He allowed the other city-states to keep their democratic governments. With Greece secure, Alexander prepared to carry out his father's bold plan and invade Persia. Two centuries earlier, the mighty Persian Empire had pushed westward to include the Greek cities of Asia Minor– one third of the entire Greek world. In the spring of 334 BC, Alexander crossed the Hellespont (now Dardanelles), the narrow strait between Europe and Asia Minor.
He had with him a Greek and Macedonian force of about 30,000 foot soldiers and 5,000 cavalry. The infantry wore armor like the Greek hoplite's but carried a Macedonian weapon, the long pike. Alexander himself led the companions, the elite of the cavalry. With the army went geographers, botanists, and other men of science who collected information and specimens for Aristotle.
A historian kept records of the march, and surveyors made maps that served as the basis for the geography of Asia for centuries.
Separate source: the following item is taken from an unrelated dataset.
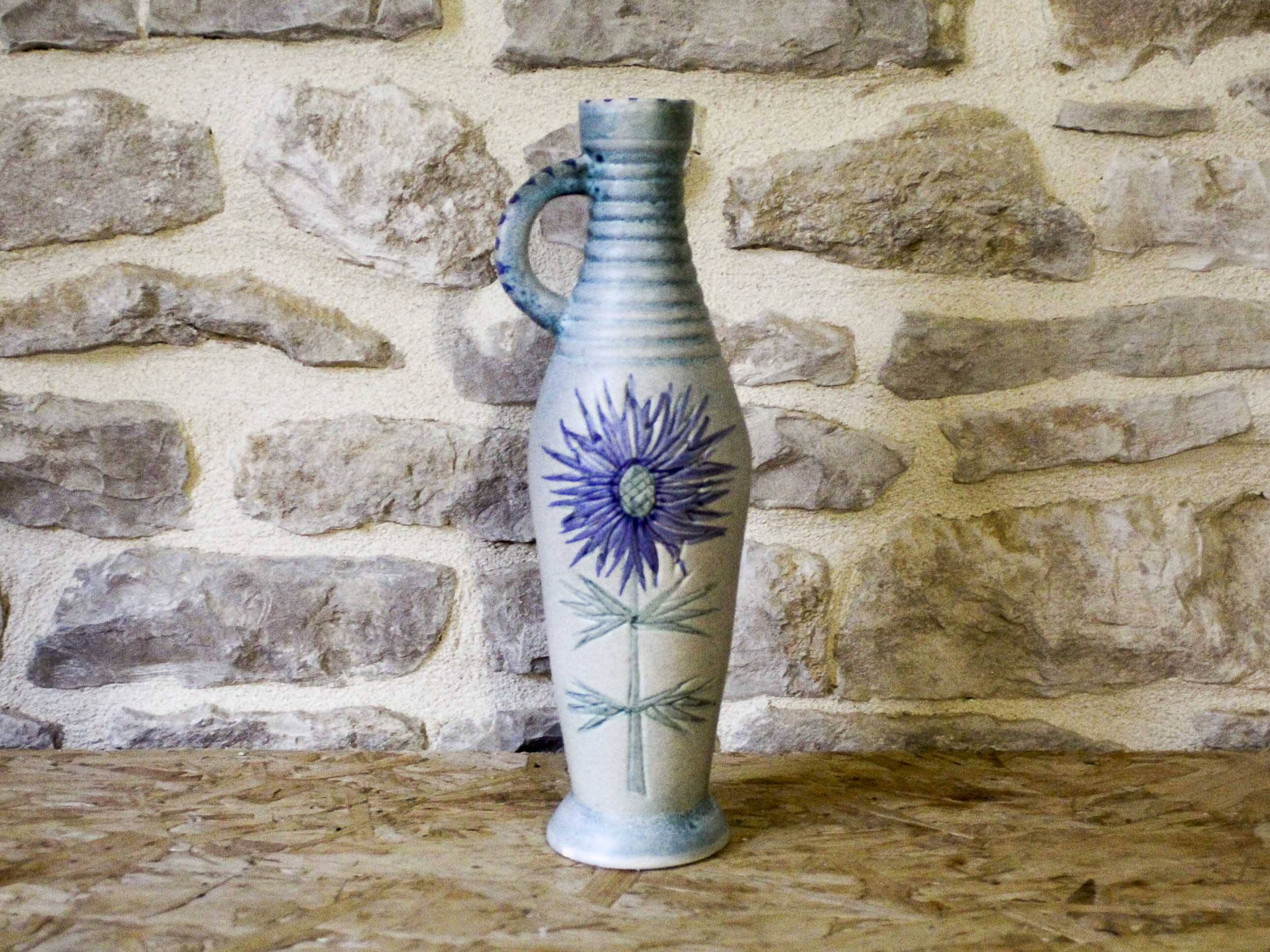 Madeleine Jolly ceramic vase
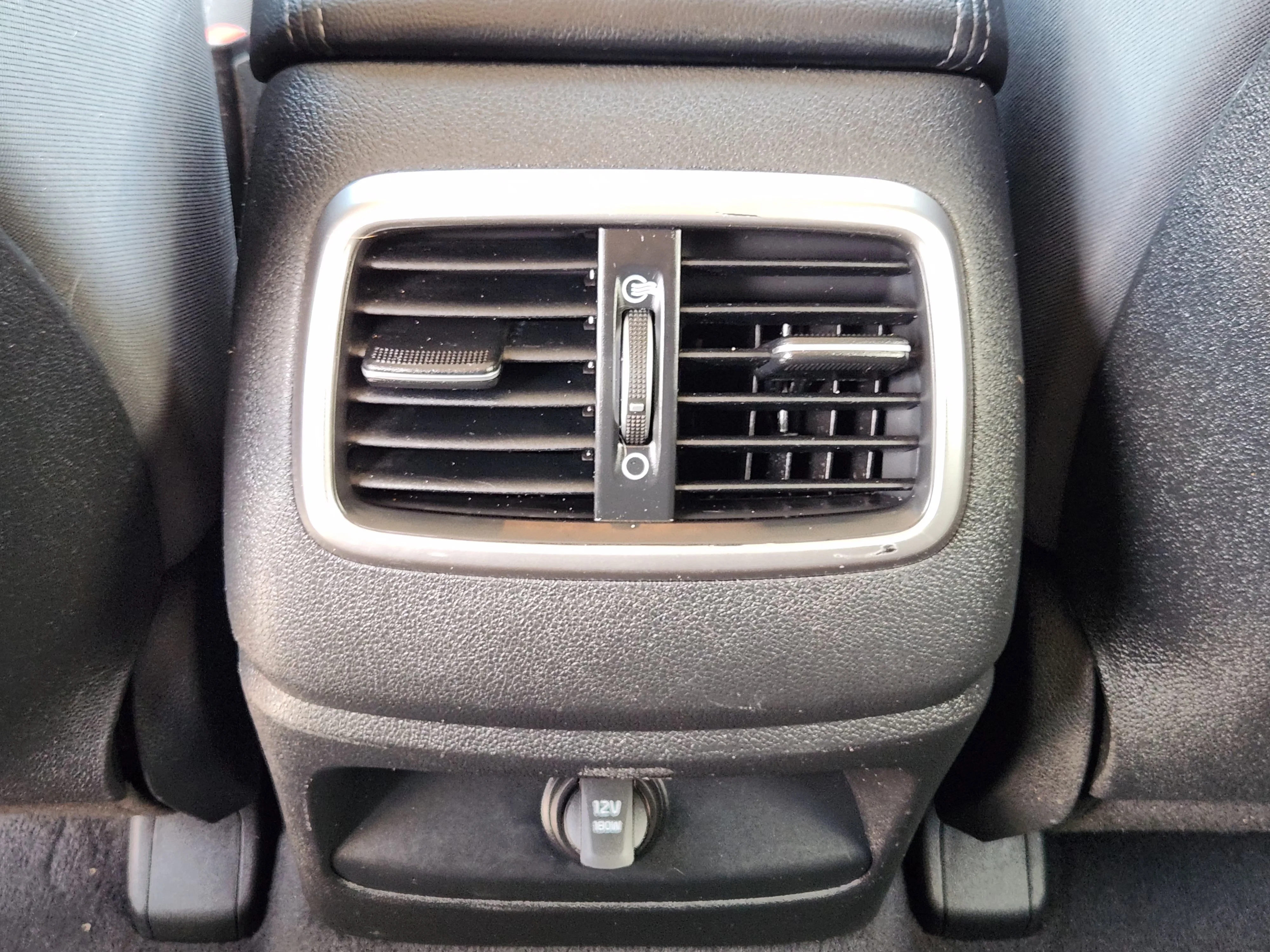 Used 2020 Everlasting Silver Kia L image 30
In Asia Minor, Alexander visited ancient Troy to pay homage to Achilles and other heroes of the ' Iliad'. At the Granicus River, in May, he defeated a large body of Persian cavalry, four times the size of his own. Then he marched southward along the coast, freeing the Greek cities from Persian rule and making them his allies.
In the winter he turned inland, to subdue the hill tribes. According to legend, he was shown a curious knot at Gordium in Asia Minor. An oracle had said the man who untied it would rule Asia. Alexander dramatically cut the Gordian knot with his sword. Alexander's army and a huge force led by Darius of Persia met at Issus in October 333 BC.
Alexander charged with his cavalry against Darius, who fled. Alexander then marched southward along the coast of Phoenicia to cut off the large Persian navy from all its harbors. Tyre, on an island, held out for seven months until Alexander built a causeway to it and battered down its stone walls. Late in 332 BC the conqueror reached Egypt. The Egyptians welcomed him as a deliverer from Persian misrule and accepted him as their pharaoh, or king. In Memphis he made sacrifices to Egyptian gods.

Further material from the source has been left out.